*Directions for this task*: Everything from the line containing "Long sleeves football" through the end of the entries should be transcribed exactly. Leave out all other lines.

*Data*:
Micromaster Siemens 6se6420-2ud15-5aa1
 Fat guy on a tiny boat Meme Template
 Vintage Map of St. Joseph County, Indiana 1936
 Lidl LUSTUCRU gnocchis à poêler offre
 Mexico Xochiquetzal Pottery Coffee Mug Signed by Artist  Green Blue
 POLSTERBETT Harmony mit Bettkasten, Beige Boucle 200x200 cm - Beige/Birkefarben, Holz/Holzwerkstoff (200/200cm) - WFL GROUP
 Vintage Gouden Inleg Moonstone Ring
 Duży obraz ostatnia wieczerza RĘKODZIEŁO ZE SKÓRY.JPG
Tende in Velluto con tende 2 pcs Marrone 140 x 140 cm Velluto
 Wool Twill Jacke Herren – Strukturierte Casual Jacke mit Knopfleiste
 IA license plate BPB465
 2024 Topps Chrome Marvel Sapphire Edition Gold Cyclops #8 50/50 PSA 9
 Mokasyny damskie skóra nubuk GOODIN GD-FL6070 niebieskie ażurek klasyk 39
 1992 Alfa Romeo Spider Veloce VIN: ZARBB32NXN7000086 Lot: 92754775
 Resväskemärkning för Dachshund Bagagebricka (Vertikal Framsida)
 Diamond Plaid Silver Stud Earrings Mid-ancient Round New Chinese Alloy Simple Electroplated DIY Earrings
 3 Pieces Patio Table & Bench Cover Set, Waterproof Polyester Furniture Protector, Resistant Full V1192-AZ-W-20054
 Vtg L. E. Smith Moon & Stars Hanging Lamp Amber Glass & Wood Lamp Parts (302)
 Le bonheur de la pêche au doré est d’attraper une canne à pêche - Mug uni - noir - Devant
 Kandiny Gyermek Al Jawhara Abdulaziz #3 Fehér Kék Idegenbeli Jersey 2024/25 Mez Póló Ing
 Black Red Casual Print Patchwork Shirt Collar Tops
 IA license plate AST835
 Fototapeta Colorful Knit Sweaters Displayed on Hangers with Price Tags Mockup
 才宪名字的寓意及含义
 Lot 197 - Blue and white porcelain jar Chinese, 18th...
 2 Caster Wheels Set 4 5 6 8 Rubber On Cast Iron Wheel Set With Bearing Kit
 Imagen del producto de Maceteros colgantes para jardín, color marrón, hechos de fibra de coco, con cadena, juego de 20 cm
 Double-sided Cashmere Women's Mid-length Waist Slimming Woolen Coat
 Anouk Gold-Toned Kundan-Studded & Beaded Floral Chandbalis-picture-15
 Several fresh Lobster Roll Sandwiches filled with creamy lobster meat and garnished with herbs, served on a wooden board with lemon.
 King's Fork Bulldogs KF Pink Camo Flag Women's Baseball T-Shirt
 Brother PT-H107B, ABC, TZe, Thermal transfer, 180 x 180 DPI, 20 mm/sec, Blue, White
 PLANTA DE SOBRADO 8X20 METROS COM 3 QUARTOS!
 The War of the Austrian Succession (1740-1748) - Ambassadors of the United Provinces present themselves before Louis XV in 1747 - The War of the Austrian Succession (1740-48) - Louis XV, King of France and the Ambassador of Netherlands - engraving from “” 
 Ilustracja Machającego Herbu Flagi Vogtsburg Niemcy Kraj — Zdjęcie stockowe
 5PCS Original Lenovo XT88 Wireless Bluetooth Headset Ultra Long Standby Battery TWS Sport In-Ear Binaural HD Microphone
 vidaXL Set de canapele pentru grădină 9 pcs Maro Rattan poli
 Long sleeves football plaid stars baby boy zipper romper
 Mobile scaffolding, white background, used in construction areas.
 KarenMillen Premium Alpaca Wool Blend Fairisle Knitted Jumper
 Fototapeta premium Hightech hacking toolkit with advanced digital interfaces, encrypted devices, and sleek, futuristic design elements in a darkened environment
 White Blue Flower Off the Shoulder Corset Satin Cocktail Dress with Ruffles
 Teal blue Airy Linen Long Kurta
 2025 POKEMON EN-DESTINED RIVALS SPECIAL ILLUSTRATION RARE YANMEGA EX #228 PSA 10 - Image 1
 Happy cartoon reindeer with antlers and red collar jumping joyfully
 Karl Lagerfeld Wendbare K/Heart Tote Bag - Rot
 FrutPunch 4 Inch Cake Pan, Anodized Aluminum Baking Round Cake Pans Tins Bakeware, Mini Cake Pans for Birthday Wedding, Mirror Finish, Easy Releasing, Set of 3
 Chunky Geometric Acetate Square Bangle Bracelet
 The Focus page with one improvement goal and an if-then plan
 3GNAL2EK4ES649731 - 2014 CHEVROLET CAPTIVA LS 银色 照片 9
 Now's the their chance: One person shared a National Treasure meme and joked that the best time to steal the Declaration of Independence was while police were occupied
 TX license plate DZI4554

*Solved problem*:
 Long sleeves football plaid stars baby boy zipper romper
 Mobile scaffolding, white background, used in construction areas.
 KarenMillen Premium Alpaca Wool Blend Fairisle Knitted Jumper
 Fototapeta premium Hightech hacking toolkit with advanced digital interfaces, encrypted devices, and sleek, futuristic design elements in a darkened environment
 White Blue Flower Off the Shoulder Corset Satin Cocktail Dress with Ruffles
 Teal blue Airy Linen Long Kurta
 2025 POKEMON EN-DESTINED RIVALS SPECIAL ILLUSTRATION RARE YANMEGA EX #228 PSA 10 - Image 1
 Happy cartoon reindeer with antlers and red collar jumping joyfully
 Karl Lagerfeld Wendbare K/Heart Tote Bag - Rot
 FrutPunch 4 Inch Cake Pan, Anodized Aluminum Baking Round Cake Pans Tins Bakeware, Mini Cake Pans for Birthday Wedding, Mirror Finish, Easy Releasing, Set of 3
 Chunky Geometric Acetate Square Bangle Bracelet
 The Focus page with one improvement goal and an if-then plan
 3GNAL2EK4ES649731 - 2014 CHEVROLET CAPTIVA LS 银色 照片 9
 Now's the their chance: One person shared a National Treasure meme and joked that the best time to steal the Declaration of Independence was while police were occupied
 TX license plate DZI4554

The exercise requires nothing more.